I have sometimes seen processes waiting for network IO. You can check your netstat -an for connections.. possibibly in a CLOSE_WAIT state. These do usually die as asked with a kill or kill -9, but sometimes they do not. You can narrow it down with lsof or crashinfo which are great tools for identifying ports and socket identifiers.

If you think you've found a socket open that belongs to this hung process, there are ways to release that socket which often will free the process from it's state of unresponsiveness.
Bill Hassell
Honored Contributor

Re: Blame the Sysadmin!!! Processes won't die

AS mentioned, the processes that won't stop are waiting on some kernel service that will never complete. The most common problem is with network connections that have no timeout associated with the transactions. This seems to be more common when large scale applications like Oracle and SAP interact with other applications and systems over the network. If you have any control over the code, look at all connections and recode the application to assume failures happen on every task and take appropriate action to properly report the condition and attempt to recover or shutdown gracefully. If you have no control over the code, then you must insure that network connections and remote will never go down.
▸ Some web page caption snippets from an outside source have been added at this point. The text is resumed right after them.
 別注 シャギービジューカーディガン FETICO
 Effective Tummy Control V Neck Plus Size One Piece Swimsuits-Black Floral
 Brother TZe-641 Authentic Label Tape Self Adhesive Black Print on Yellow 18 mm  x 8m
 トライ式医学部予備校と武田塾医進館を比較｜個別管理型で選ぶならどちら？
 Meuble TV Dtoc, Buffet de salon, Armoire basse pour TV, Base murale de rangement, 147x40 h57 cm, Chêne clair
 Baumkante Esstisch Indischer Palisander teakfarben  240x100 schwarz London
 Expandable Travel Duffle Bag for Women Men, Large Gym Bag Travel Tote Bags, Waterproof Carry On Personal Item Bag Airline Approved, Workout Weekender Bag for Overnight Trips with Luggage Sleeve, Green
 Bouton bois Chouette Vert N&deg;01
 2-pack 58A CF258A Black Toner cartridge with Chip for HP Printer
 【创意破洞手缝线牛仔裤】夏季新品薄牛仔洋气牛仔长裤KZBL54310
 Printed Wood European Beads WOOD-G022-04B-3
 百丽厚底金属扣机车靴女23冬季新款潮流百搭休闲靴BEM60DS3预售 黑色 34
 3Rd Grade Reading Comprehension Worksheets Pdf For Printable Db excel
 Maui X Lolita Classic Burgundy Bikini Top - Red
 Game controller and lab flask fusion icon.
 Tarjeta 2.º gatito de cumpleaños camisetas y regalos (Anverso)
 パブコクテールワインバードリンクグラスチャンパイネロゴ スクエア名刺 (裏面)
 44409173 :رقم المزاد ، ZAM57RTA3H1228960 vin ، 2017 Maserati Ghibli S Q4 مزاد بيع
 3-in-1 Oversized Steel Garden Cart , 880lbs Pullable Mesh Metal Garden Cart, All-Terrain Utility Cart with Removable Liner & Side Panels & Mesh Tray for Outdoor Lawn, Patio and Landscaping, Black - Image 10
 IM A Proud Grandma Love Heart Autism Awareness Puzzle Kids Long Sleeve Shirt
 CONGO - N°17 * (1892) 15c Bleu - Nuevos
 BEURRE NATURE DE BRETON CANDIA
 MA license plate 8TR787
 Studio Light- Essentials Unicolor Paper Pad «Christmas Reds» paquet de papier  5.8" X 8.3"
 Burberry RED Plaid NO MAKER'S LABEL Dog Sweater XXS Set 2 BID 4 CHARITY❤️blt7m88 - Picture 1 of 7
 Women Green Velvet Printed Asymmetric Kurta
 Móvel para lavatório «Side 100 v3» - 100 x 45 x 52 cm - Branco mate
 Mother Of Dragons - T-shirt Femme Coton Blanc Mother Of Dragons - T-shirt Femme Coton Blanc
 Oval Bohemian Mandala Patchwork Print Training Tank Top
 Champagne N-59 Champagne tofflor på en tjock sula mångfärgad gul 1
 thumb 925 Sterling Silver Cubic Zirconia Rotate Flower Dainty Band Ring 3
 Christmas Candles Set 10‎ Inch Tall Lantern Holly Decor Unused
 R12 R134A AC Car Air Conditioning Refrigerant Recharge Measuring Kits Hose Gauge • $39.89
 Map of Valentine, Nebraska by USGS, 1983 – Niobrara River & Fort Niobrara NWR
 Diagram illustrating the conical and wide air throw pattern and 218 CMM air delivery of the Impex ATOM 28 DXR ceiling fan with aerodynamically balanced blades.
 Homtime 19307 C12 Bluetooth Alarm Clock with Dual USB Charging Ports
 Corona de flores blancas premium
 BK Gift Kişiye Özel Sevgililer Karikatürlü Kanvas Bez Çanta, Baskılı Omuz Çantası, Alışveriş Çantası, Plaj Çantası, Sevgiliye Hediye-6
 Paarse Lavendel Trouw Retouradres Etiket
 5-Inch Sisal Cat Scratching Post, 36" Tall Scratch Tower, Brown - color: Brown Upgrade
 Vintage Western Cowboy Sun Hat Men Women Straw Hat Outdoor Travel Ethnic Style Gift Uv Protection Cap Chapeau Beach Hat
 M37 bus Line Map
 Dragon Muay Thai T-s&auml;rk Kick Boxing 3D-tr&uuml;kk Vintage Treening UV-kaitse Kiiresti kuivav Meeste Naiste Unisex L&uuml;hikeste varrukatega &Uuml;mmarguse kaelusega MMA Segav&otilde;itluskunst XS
As Clay said, this is not an OS issue but a design failure, possibly because of an architectural design rather than specific code. For instance, running SAP or a big database over the open Internet is asking for program hangs like this, not to mention that all the data is now at risk.


Bill Hassell, sysadmin
Torsten.
Acclaimed Contributor

Re: Blame the Sysadmin!!! Processes won't die

You may a a status like "wait to be killed" as mentioned or even a zombie process. As you know, you cannot kill a zombie - it's already dead.
Just in case of a "zombie" the only solution is called "reboot".

Hope this helps!
Regards
Torsten.

__________________________________________________
There are only 10 types of people in the world -
those who understand binary, and those who don't.

__________________________________________________
No support by private messages. Please ask the forum!

If you feel this was helpful please click the KUDOS! thumb below!   
hpuxrox
Respected Contributor

Re: Blame the Sysadmin!!! Processes won't die

Check to see if your process it in an IO wait. if it is in IO wait you will need to resolve the issue with the disk or reboot.
Dennis Handly
Acclaimed Contributor

Re: Blame the Sysadmin!!! Processes won't die

>Clay: you send kill after kill (including 14 kill -9's) and this stupid process still won't die.

I've recently had those several kill -9s finally kill the process. Fortunately there was a clearcase patch for the issue.

>Torsten: Just in case of a "zombie" the only solution is called "reboot".

You kill zombies by teaching their parent a lesson and kill them. Of course you have to judge if this is worse than waiting to reboot.